Source: Blackwell Publishing Journal Backfiles 1879-2005

Topics: Biology

Notes: This study examines the effect of leaf age on photosynthesis, transpiration and nitrogen concentration in four deciduous (DC) and two evergreen (EG) species coexisting in a tropical dry forest of Venezuela. Leaf age was characterized on the basis of leaf chorophyll, nitrogen content, and construction and maintenance costs. The mean leaf area-based nitrogen concentration (N) in EG was about twice that in DC species. A leaf age effect was observed in both DC and EG species, with largest N concentration in mature leaves.
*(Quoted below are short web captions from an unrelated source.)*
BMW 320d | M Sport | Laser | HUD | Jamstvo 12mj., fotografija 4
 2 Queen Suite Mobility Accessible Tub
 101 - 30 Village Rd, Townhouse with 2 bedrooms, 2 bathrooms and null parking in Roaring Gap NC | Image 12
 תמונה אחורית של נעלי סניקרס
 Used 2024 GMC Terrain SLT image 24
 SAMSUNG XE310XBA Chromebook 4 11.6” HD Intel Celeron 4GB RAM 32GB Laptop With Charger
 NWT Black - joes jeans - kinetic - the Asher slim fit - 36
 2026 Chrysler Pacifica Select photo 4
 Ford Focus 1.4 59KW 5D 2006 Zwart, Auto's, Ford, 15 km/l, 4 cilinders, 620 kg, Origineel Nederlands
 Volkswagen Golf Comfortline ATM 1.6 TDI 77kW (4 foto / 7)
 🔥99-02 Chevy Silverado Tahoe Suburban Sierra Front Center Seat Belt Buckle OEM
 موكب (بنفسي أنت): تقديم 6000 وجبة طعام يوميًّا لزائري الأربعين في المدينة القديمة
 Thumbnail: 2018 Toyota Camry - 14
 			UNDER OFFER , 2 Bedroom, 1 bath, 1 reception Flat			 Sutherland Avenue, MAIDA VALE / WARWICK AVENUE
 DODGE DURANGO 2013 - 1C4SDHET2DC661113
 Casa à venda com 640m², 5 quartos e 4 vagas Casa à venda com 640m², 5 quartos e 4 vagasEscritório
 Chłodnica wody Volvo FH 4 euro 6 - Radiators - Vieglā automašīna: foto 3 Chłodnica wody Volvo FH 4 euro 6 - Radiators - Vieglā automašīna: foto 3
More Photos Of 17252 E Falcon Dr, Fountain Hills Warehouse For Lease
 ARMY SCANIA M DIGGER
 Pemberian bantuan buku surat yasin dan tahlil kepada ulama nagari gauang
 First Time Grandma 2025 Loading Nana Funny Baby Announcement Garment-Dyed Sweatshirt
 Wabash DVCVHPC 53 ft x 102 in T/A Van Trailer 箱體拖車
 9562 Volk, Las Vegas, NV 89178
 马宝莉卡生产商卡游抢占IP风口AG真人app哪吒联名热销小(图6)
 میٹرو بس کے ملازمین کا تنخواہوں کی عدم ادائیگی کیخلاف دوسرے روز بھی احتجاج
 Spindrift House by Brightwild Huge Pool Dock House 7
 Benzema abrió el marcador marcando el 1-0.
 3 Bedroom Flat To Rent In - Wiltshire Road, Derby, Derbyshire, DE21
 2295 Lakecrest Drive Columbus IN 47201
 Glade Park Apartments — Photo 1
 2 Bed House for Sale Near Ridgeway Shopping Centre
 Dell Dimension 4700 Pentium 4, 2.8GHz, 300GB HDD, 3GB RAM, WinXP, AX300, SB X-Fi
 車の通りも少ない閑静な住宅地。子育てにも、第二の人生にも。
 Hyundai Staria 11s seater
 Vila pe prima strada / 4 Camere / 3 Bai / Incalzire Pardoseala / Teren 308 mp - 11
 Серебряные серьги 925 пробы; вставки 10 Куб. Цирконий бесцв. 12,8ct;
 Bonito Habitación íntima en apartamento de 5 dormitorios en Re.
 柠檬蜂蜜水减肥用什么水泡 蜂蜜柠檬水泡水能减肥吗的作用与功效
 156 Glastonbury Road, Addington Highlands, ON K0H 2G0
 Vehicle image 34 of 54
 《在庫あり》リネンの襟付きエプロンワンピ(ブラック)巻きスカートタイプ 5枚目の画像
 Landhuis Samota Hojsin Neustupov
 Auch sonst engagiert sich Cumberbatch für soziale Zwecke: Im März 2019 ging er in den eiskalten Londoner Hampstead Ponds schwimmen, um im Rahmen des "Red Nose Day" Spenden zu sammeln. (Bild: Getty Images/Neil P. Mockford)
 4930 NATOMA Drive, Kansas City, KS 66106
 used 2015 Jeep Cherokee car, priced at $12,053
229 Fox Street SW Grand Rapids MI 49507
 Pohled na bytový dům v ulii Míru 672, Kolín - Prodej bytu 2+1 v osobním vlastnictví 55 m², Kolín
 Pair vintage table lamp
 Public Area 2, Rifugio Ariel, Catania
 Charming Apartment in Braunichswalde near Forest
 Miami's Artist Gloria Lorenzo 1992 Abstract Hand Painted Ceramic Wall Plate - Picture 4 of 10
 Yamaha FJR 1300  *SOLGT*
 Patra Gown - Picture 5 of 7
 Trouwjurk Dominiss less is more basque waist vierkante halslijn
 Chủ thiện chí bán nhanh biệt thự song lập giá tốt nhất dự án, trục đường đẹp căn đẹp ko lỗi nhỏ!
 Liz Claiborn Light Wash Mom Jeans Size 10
Fractional leaf N allocation to chlorophyll was higher in the DC than in the EG species. Differences in the construction costs of leaf mass between the youngest and the oldest leaves averaged from 2.14 to 1.55 g glucose g−1 dry weight. Although variation in area-based leaf maintenance and construction costs between DC and EG species existed, they were, nevertheless, positively correlated. Individual data sets, for each species, indicated that leaf N and maximum rate of photosynthesis (Amax) were linearly related. Nitrogen use efficiency (NUE) and water use efficiency (WUE) tended to be higher in mature leaves than in expanding and old leaves. Moreover, DC species always had higher NUE than EG species. Intercellular to ambient pressures of CO2 (Pi/Pa) were related to WUE in a negative manner. Higher Pi/Pa values were observed in expanding and old leaves. Leaf age effect on photosynthesis was, therefore, due to greater decline of carbon fixation capacity by mesophyll tissue relative to the decline in stomatal conductance in youngest and oldest leaves.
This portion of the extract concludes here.